In the first set of Tuesday night’s volleyball match at Westlake, North Olmsted made enough mistakes to last an entire match in dropping a 25-19 decision.
The Eagles battled back, taking a 2-1 lead on Volley For The Cure Night. But with a chance to close things out in the fourth set, those mistakes crept back into the picture.
The Demons were all but happy to take advantage.
Westlake used two crucial Eagle errors to help close out the fourth set, then got the upper hand quickly in the fifth to come away with a 25-19, 22-25, 24-26, 25-23, 15-7 Southwestern Conference win.
“We were scratching out heads in the fifth game, because the wheels just came off,” admitted North Olmsted head coach Jason Krucek, whose team dropped to 5-12 overall and 2-9 in the SWC.
“The fourth was where we needed to get them,” Krucek said. “If we had gotten things done, we would have closed it out. We had no business going to a fifth game.
“Tonight, we started out with a new lineup that we had just worked on yesterday,” he said. “So in the first game, that’s where you saw us make all of those errors. We started playing together after that, but then we just couldn’t keep it together.”
Despite making 16 errors in the first set, the Eagles were quick to rebound in the second set. Senior Megan Branchick was doing a lot of damage hitting on the outside, giving the North Olmsted a potent one-two punch with fellow outside hitter Tia McCord.

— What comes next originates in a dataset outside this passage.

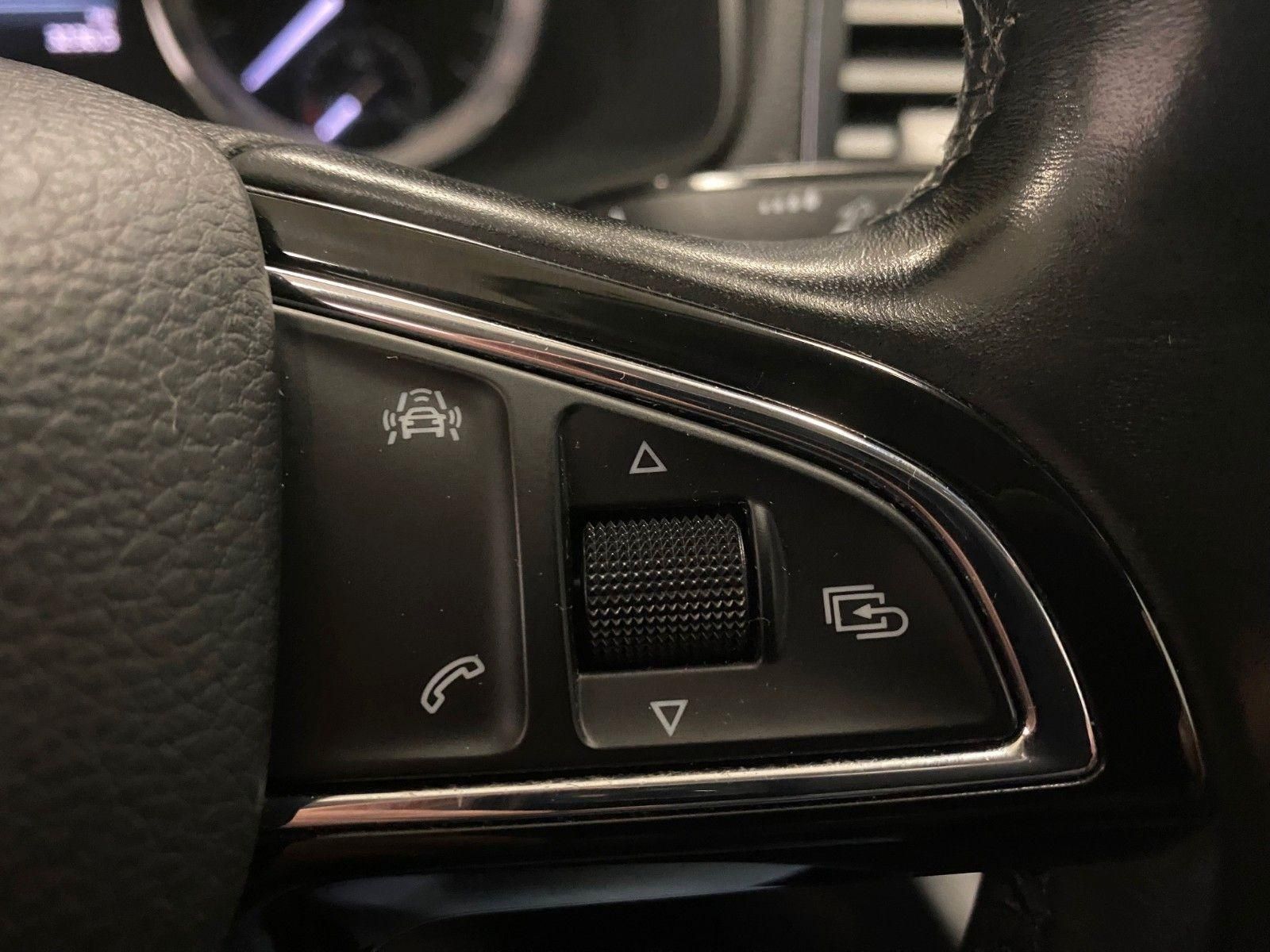 Fahrzeugabbildung SKODA Karoq 1.5 TSI Style+AHK schwenk+LED+NAVIGATION+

The senior duo were virtually unstoppable the entire match, but Westlake found some cracks in the North Olmsted defense and went to work.
The Eagles had held on in the third set, putting away a Demon overpass and getting a block kill from Branchick to close it out. In a back-and-forth battle that was the fourth set, it was Westlake’s for the taking as the Demons used a 5-1 run to take a 22-16 lead.
North Olmsted, however, battled back on a 4-1 service run by McCord and a tip kill from setter Tara Kelly. That’s when the match again started to sway in the Demons’ favor.
With Sara Worthing serving and the Eagles trailing by only one at 23-22, Westlake found itself in free ball mode on the next play. With the ball heading out of bounds, senior Alyssa Zollos chased it down and - with her back to the court - sent a free ball back over the net.
The ball, traveling with some heavy topspin, dropped in front of a pair of Eagle back row players, giving the Demons a 24-22 lead. Westlake missed the next serve, but North Olmsted responded in kind by sending the next ball out of bounds to tie the match at 2-2.
On the very first play of the fifth and deciding set, the Eagles looked like they would get off to the good start. The Demons were playing a tight ball at the net, and it looked like the ball was headed for the floor. Junior middle hitter Izabella Jamsek, however, dove and popped the ball up.
Sophomore Allyson Pesta was there, sending the saved ball over for a kill and a 1-0 Demon lead. Westlake never trailed the rest of the way. North Olmsted got back to within a point at 7-6, but the Demons used an 8-1 run to close out the match.
In that run, Pesta had two more kills, while senior Johanna Tolman added two along with a block kill. A Jamsek block of an Eagle overpass and an attack error by the Eagles ended it.
“Our kids have a lot of fight in them,” said Westlake head coach Regan Pore. “North Olmsted’s in the same position we’re in. We’re both right there around the middle of the conference, and we both need to start making a mark.
“I think for our girls, they really want to make that jump and get up to four, get up to three and move up to the top level of the conference. We’ve been talking about what you need to do to get there, and I think we’ve stepped up our game a bit,” Pore said.
“That fourth game is crucial,” Pore said. “Especially after losing the second and third games. Once you win that fourth game, it changes your momentum going into that fifth game.”
Pore said that her team’s decision making offensively played a big roll in the win. She pointed out a tip kill by Pesta in the fifth set that gave her team an 11-6 lead.
“Our players are learning when to swing away and when to be smart,” Pore said. “That tip by Allyson was big. It’s still a kill in the scorebook, and nobody knows how you got it. She’s learning how to be smart as an outside hitter.”
Westlake moved closer to the .500 mark at 8-9 and improved to 5-6 in the SWC.